On 4/22/2020 5:04 AM, Manu wrote:
> [...]
Ok, I've had a chance to think about it. It's a scathingly brilliant idea!
But (there's always a but!) something stuck out at me. Consider arrays:
void test()
{
auto a = [1, 2, 3];
int[3] b = a[]*a[]; // b[0] = a[0]*a[0]; b[1] = a[1]*a[1]; b[2] = a[2]*a[2];
int[3] c = a[]*2; // c[0] = a[0]*2; c[1] = a[1]*2; c[2] = a[2]*2;
}
These look familiar! D tuples already use array syntax - they can be indexed and
sliced. Instead of the ... syntax, just use array syntax!

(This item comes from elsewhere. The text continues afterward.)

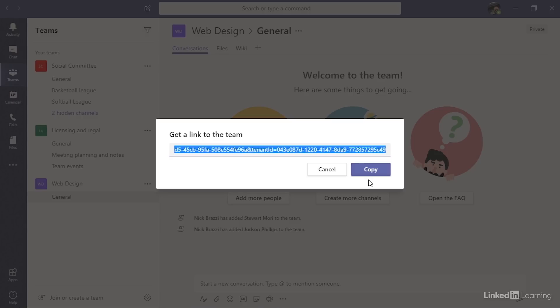However, this is important: if somebody clicks this link, that will send a request to the team owner asking for permission to join the team. If you created the team, by default you are a team owner. Any member can send the link, but only the team owner can approve requests to join. The team owner will get an email and a notification in Teams when somebody clicks the link and sends in that request. You can also manually check to see if there are any pending requests.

The examples from the DIP:
=====================================
--- DIP
(Tup*10)... --> ( Tup[0]*10, Tup[1]*10, ... , Tup[$-1]*10 )
--- Array syntax
Tup*10
====================================
--- DIP
alias Tup = AliasSeq!(1, 2, 3);
int[] myArr;
assert([ myArr[Tup + 1]... ] == [ myArr[Tup[0] + 1], myArr[Tup[1] + 1],
myArr[Tup[2] + 1] ]);
--- Array
alias Tup = AliasSeq!(1, 2, 3);
int[] myArr;
assert([ myArr[Tup + 1] ] == [ myArr[Tup[0] + 1], myArr[Tup[1] + 1],
myArr[Tup[2] + 1] ]);
===================================
---DIP
alias Values = AliasSeq!(1, 2, 3);
alias Types = AliasSeq!(int, short, float);
pragma(msg, cast(Types)Values...);
---Array
alias Values = AliasSeq!(1, 2, 3);
alias Types = AliasSeq!(int, short, float);
pragma(msg, cast(Types)Values);
=================================
---DIP
alias OnlyTwo = AliasSeq!(10, 20);
pragma(msg, (Values + OnlyTwo)...);
---Array
alias OnlyTwo = AliasSeq!(10, 20);
pragma(msg, Values + OnlyTwo);
The idea is simply if we have:
t op c
where t is a tuple and c is not, the result is:
tuple(t[0] op c, t[1] op c, ..., t[length - 1] op c)
For:
t1 op t2
the result is:
tuple(t1[0] op t2[0], t1[1] op t2[1], ..., t1[length - 1] op t2[length - 1])
The AST doesn't have to be walked to make this work, just do it as part of the
usual bottom-up semantic processing.
I thought about this, but this reaches much further than `a op b `.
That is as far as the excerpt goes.